Lifelong religious education is giving each of us a backpack to carry with us on our way and filling that backpack with useful tools as we encounter the experiences of our unfolding life.
How do I make a friend?
How do express my true self?
How do I challenge my limits but keep myself safe?
Where will I find the courage?
Who can I trust?
What if I lose? What if I win?
How do I go on? How do I start again?
Who can I help? And who will help me?
How do I find love?
How can I bear the loss of love?
And so we open our backpack and shuffle through the contents. Here is what other people have done in a situation like this. Here is wisdom from scripture. Here is what the minister had to say on the subject.
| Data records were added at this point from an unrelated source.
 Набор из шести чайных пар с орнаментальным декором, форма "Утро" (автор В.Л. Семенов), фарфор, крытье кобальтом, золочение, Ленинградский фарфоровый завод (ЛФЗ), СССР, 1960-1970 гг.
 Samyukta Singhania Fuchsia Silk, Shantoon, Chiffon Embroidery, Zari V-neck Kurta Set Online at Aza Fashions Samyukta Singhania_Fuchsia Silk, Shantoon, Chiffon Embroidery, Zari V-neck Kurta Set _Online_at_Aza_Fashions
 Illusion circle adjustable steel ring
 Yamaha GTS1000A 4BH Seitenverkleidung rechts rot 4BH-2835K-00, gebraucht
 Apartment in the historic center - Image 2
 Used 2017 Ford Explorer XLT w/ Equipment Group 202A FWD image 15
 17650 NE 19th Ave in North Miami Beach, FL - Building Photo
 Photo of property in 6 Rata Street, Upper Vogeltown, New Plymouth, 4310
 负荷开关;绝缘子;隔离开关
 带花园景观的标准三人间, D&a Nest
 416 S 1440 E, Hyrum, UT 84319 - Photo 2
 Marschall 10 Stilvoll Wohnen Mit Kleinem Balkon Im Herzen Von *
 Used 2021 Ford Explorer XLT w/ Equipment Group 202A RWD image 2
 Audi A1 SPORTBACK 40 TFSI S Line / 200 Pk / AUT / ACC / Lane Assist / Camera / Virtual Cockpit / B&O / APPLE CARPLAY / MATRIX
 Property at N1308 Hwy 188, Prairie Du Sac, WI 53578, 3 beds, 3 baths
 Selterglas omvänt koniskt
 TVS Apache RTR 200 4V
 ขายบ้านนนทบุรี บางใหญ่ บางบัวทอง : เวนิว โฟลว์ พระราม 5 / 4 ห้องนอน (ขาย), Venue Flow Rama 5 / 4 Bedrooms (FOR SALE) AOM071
Here is that lesson from Sunday school. Here is what I learned singing in choir, and sitting through congregational meetings, and watching who stayed after to clean the kitchen and noticing the spirit they had as they did the job.
Here is the notebook in my life’s journey backpack titled, “What my faith has taught me.” With blank pages at the back still to be filled.
The full backpack, heavy on our shoulders, give us comfort and confidence. I’m prepared. I’m ready. I can do this.
I can grow from kid to teen to youth to young adult to older adult to senior. I can negotiate a life of jobs and relationships and gorgeous beauty and heartbreaking tragedy. I can handle bad news with resilience, and success with grace. Because I received and continue to receive a solid religious education, I am secure in my faith that I am good enough, strong enough, and smart enough, to make a life of health and joy for myself, and for others, and for the world we share.
My faith travels with me. My community travels with me. Each on our own journey, still, we walk together.
Though the future is unknown, and the path empty until we take a step into space, the church has done its job, and we’ve done ours, and so we go, knowing what we know, to find what we will find.